Tout doucement… la voix du poète se fait entendre. D’abord discrète, presque silencieuse, elle s’affirme peu à peu et révèle au monde la gamme envolée de ses doigts. Instinct jeune, qui souffle vers une beauté noble de la poésie. Cette noblesse est nourrie par un sang pluriel, puisque l’intérêt des vignettes réside dans leur multiplicité. Fourmilière de mots qui regroupe un infini d’individus poursuivant une voie identique. Organismes autonomes qui comme la physalie appartiennent au même corps. Pot-pourri répond à la mission que Francis Ponge prêtait à l’artiste : « ouvrir un atelier et y prendre en réparation le monde, par fragments, comme il lui vient. »

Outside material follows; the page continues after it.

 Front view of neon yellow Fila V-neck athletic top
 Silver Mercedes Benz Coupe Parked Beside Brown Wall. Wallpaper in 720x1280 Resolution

L’œuvre pure implique la disparition élocutoire du poète, qui cède l’initiative aux mots, par le heurt de leur inégalité mobilisés
Mallarmé, Crise de vers.

Dépassons les références et autres réécritures que rencontrent parfois les vignettes de ce blog. Pot-pourri est l’annonce d’une écriture nouvelle. Car une question subsiste : qui en est l’auteur ? Est-il un ? Est-il plusieurs ? Internet : notre nouvel Homère. Il avance ses maximes à l’aveuglette et fait entendre sa voix par-delà les axes du temps et de l’espace. Quel ordre ou quelle anarchie pousse toutes ces plumes à garder l’anonymat ? Pas d’auteur. Pot-pourri est ainsi amené à se perpétuer sans fin.

Robert Delaunay-Femme portugaiseDe cette façon, le blog dépasse les limites matérielles du livre, acquiert une indépendance nouvelle. Fenêtre ouverte sur le monde, Internet l’inscrit dans un espace publique, accessible à tous ; l’auteur (ou les auteurs) est dépossédé de son œuvre. C’est un don, la beauté destinée à ceux qui aiment la beauté.

« Dans le ventre de ma mère, j’écrivais énormément. Des pastiches, surtout. » Ce sont les premiers mots plongés dans le Pot-pourri. Mais du pastiche, la voix qui imite s’éloigne lentement de ses maîtres, elle se dénude, s’expose, pour se donner entière à une oreille, nos oreilles.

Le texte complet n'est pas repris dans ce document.